An ancient meditation master said that “When the strings of a harp are too tight, they break. When they are too loose, there is no sound. When they are just right, neither too tight nor too loose, every note sounds in its proper tone.”

It could also be compared to spinning yarn from wool by hand — something that most of you are probably not familiar with — try it sometime! To keep the yarn from becoming too thick or too thin, one maintains a subtle tension, not too loose and not too tight.

In meditation we gradually discover a form of effort that does not involve strain or striving.


Tea is water, coffee is water, cola is water. It is possible to use filtration and other methods to separate the pure water from the flavoring ingredients.
However, even in the unseparated state, the water is still clearly present, providing the essential quality of wetness.

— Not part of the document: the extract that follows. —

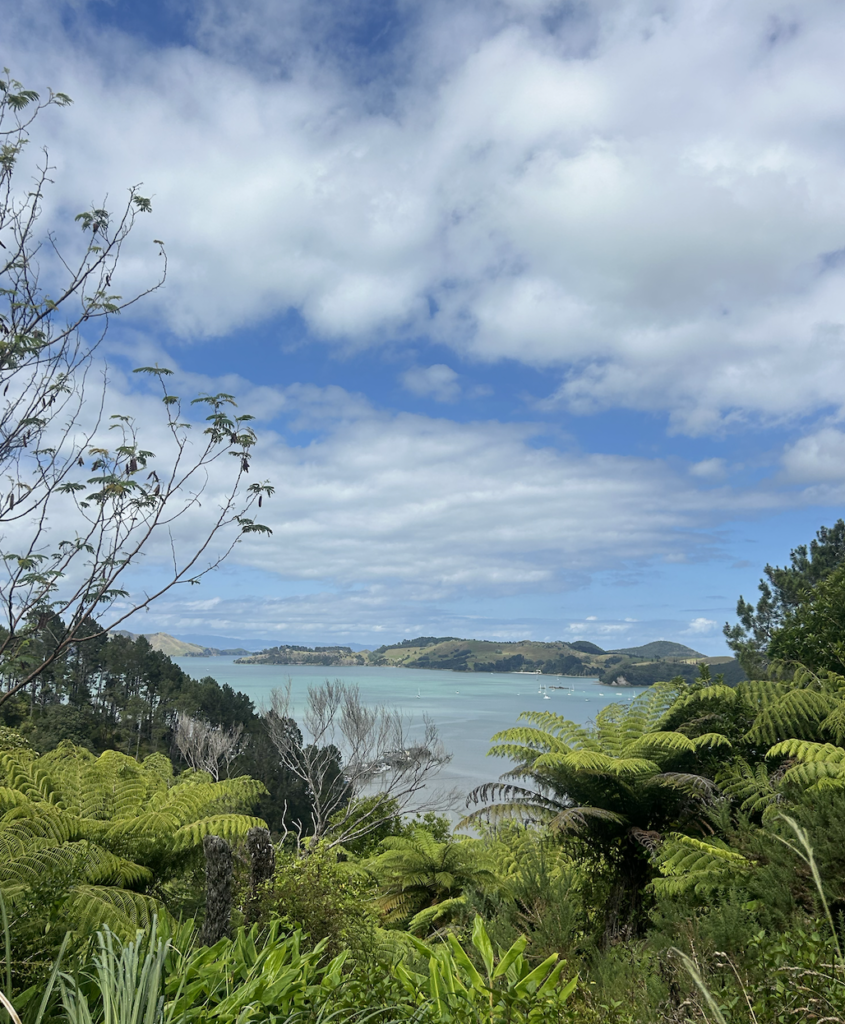 Image from the Kauri Block Walk in Coromandel New Zealand to promote visitors to add this to their list of things to do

Once we have tasted the silence in meditation we can develop beliefs that “I must sit for 20 minutes before I begin to experience the silence” or “I must sit for 40 minutes before I begin to experience the silence.” While these beliefs reflect past experience, they can become limiting when deeply held.

The wetness of the water is inherently a part of cola. We may not like the fizz, the sugary flavor, and the effects of the caffeine. And we may want to filter those out, which will take some time. However, the essential quality of water is immediately present. Even with the fizz, and the sugar, and caffeine, and artificial coloring, we still are experiencing water. We don’t have to wait for a filtration process before we can experience the essential presence of the water.

Similarly, silence is an inherent part of our experiences. Even the most frenetic experiences, filled with fizz, buzz, and sugar, still take place in inherent silence. We don’t have to do anything to touch the silence. The silence is already there. It is a matter of not doing that which obscures the silence. Sometimes trying to get to the silence kicks up waves that obscure the silence that is already there. (This relates to last week’s discussion of “right effort” — the balance between doing and not-doing.)

We can use “silence”with two meanings: the silence that stands in opposition to noise, and the silence that is present within noise.

Think of music. Look at a piece of sheet music. Each note is separate. Each note arises out of silence and returns to silence. The notes are separated by silence. If the silence were not woven into the music, it would not be music.

Think of speech. When we are communicating with someone verbally there is silence between words. There is silence at the end of sentence. When we want to emphasize something we pause in meaningful silence. Speech is not possible without the silence woven into it.

What happens when we focus on the silence between the words? What happens when we focus on the silence between the thoughts? What happens when we focus on the silence within the sensations?

When we shift our concept, shift our view, does our experience of meditation change?

It can be good to sit for long periods of meditation. It can be good to sit for short periods of meditation. It can be good to notice the silence for an instant in the heat of the moment.

With your vision, focus on something close to you in the room. Now look past that and focus on something further away. Both have been there the whole time. It’s a matter of what we were focusing on.

As we get older our ability to effortlessly shift focus becomes impaired. We need bifocal lenses.

When we first start meditating, we use meditation as a kind of bifocal lens. But later our mind could become supple enough and flexible enough to effortlessly move between focusing on the foreground and focusing on the background.

The background is the meaningful silence, the unconditional yes, the limitless love.